Houndstooth is also the place I learned to make good iced coffee. I had written off iced coffee a few decades ago, based on the bitter, weak stuff my dad used to drink out on the porch on summer afternoons. All through my coffee-loving years, all good coffee has been hot, even if all hot coffee has not been good.
Until now.
About 12 of us filed into Houndstooth's swanky new digs in the Frost Bank Building right after they closed for the afternoon. Daniel Read, the manager of coffee education (really, they have a manager of coffee education), walked us through some solid basics. Before we start with the process, though, some basic things you need, and one of thing that you don't maybe need exactly, but will make your life much better if you have it.
Things you need:
- Coffee Maker. We used Clevers in the class, at home I use Chemex or Hario pour-overs. French Press also good. All inexpensive.
- Good Coffee. My all time and forever favorite is Cuvee, a roaster just outside of Austin.
- A kitchen scale. My favorite is from OXO, and it's less than $30.
- A grinder. My favorite is from Baratza - the Encore. Basic, as far as grinders though, and while it's not exactly cheap (about $130), you make it up pretty quick once you stop buying anything starting with the words "iced venti...". Fresh ground coffee is massively better than not-fresh-ground coffee. Massively.
.06 units of coffee for 1 unit of water. A cup of coffee is about 300 grams of water - multiply by .06, and it comes out to 18 grams of coffee. No more messing around with tablespoons, no more guessing. Just .06.
What does this have to do with iced coffee, you may ask?
Turns out, you make iced coffee just the same way you make hot coffee, only substituting 100 grams of ice cubes for 100 grams of the water. Easy.
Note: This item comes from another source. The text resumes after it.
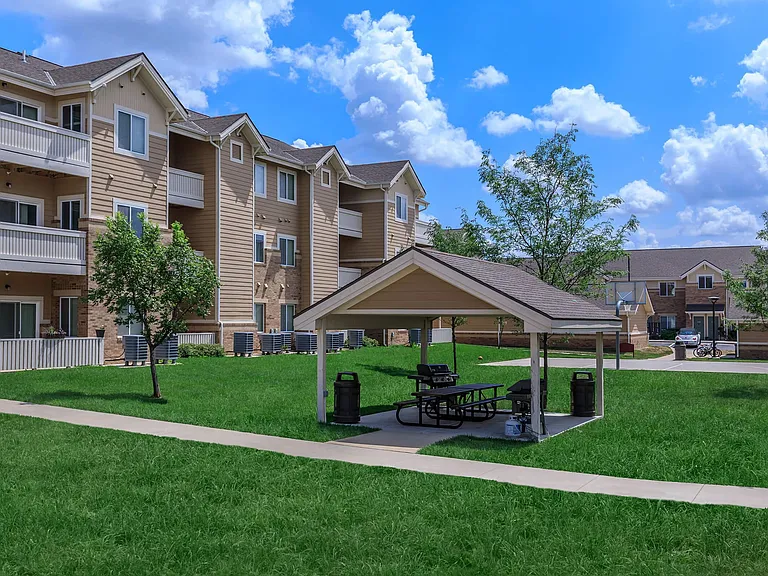 SunSTONE at MarketPlace Apartments — Photo 19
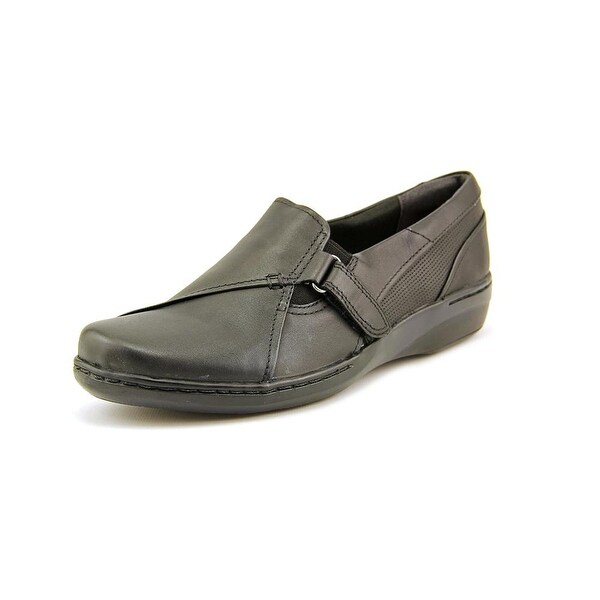 round toe clarks loafers womens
Here's how we made it in class, and how I now make it at home:
- Heat the water. I use an electric kettle. You want water that's in the high 190s, temperature-wise. Easiest way to get there - boil the water, take it off the heat, wait 30 seconds.
- While the water is heating, grind the beans (medium grind for the pour-overs, coarse for the french press), and measure out 18 grams.
- If you're using anything with a paper filter, set it all up without the coffee and pour a little water through to rinse the filter, dumping out the water that runs through.
- Set your brewing set up on the scale, add the coffee, and zero out the scale again.
- Add 200 grams of water.
- Take the resulting hot steamy concentrated coffee, and pour over 100 grams of ice.
And that's it! At this point, the coffee may still be a little warm - I usually wait right up until the moment I'm going to drink it, pour it over a cup full of ice, and slurp it down before the ice has much of a chance to melt.
Still in the mood for iced coffee, but not up for the hassle? Two options for you:
- Head down to Houndstooth. Go up the counter. Order an iced coffee.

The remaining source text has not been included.